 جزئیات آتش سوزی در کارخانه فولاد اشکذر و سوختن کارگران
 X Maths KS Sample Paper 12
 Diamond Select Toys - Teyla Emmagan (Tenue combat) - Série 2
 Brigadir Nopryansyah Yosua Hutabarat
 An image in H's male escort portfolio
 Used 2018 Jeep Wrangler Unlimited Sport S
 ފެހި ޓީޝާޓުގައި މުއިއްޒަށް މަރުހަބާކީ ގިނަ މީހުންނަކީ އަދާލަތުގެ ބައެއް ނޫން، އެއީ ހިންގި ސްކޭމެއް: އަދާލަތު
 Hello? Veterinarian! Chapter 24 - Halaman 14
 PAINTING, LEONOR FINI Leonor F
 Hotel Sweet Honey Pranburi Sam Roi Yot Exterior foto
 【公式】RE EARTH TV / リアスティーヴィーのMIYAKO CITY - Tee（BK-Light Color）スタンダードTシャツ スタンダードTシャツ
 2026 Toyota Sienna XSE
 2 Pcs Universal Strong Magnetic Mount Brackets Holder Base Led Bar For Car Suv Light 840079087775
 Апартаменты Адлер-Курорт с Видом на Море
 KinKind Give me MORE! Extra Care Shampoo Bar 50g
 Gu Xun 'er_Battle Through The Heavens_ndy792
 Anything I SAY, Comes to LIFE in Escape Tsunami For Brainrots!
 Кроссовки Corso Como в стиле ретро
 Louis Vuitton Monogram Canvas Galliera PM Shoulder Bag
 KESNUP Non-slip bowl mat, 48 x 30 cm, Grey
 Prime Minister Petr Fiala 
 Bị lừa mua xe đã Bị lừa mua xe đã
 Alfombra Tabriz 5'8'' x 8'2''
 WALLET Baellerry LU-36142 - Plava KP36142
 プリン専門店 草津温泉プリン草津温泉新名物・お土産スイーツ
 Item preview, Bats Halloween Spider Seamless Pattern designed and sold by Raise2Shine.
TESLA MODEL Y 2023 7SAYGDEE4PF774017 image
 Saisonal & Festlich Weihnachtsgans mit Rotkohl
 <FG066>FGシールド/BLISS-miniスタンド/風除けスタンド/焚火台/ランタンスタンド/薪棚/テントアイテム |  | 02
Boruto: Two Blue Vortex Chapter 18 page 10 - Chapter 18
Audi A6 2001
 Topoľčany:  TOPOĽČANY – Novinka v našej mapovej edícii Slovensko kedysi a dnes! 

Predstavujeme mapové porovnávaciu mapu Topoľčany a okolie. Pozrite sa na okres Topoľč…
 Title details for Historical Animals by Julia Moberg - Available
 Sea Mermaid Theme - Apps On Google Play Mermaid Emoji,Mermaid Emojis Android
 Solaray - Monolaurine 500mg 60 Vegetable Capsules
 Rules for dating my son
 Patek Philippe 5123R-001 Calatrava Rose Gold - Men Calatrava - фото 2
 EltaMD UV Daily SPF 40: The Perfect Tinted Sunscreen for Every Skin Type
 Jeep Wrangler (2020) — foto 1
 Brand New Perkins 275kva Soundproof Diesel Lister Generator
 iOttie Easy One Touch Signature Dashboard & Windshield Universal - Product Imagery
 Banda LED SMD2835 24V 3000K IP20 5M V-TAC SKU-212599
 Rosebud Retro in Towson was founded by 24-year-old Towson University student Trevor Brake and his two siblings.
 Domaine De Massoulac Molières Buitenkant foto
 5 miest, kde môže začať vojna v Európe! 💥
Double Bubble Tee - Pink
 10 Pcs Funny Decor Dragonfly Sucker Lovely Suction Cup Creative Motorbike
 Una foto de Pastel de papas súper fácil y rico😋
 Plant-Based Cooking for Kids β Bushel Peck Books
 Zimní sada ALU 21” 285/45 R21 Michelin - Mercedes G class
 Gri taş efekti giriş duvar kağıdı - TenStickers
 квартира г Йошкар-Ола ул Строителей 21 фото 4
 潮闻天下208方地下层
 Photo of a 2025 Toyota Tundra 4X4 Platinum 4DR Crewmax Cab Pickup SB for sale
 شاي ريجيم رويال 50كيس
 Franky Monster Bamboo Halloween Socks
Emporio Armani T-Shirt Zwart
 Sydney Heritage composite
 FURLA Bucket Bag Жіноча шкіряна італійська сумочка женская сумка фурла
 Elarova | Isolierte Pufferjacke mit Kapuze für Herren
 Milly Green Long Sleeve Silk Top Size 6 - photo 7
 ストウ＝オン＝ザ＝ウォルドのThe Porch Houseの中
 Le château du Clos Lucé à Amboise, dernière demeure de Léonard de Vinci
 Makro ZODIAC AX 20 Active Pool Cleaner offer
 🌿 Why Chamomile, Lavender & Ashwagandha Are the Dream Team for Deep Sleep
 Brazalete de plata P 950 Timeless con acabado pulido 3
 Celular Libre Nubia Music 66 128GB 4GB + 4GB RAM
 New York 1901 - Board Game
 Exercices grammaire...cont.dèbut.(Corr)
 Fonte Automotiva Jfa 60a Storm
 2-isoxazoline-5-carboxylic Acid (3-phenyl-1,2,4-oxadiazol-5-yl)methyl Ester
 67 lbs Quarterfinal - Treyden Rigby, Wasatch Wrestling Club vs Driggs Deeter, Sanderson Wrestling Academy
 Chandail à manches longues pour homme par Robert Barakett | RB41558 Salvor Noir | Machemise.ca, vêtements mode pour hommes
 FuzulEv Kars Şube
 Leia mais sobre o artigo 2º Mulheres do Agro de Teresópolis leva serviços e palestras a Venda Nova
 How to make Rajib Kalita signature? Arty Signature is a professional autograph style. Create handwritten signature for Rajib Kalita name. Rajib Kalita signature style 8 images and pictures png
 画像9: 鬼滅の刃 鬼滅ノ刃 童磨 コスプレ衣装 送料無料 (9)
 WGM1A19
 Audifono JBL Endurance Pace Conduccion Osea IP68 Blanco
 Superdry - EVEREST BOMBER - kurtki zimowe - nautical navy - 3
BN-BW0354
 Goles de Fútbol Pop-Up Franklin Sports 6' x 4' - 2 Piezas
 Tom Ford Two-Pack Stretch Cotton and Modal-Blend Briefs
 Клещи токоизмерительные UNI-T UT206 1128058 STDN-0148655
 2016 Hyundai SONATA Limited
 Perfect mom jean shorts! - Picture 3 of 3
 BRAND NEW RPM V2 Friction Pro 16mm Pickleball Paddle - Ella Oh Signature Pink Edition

### Exercise description
Return the span of lines in the data above that opens at the line with "Brazalete de plata" and closes at the line with "Fonte Automotiva Jfa 60a Storm", exactly, ends included, nothing else.

### Task output
 Brazalete de plata P 950 Timeless con acabado pulido 3
 Celular Libre Nubia Music 66 128GB 4GB + 4GB RAM
 New York 1901 - Board Game
 Exercices grammaire...cont.dèbut.(Corr)
 Fonte Automotiva Jfa 60a Storm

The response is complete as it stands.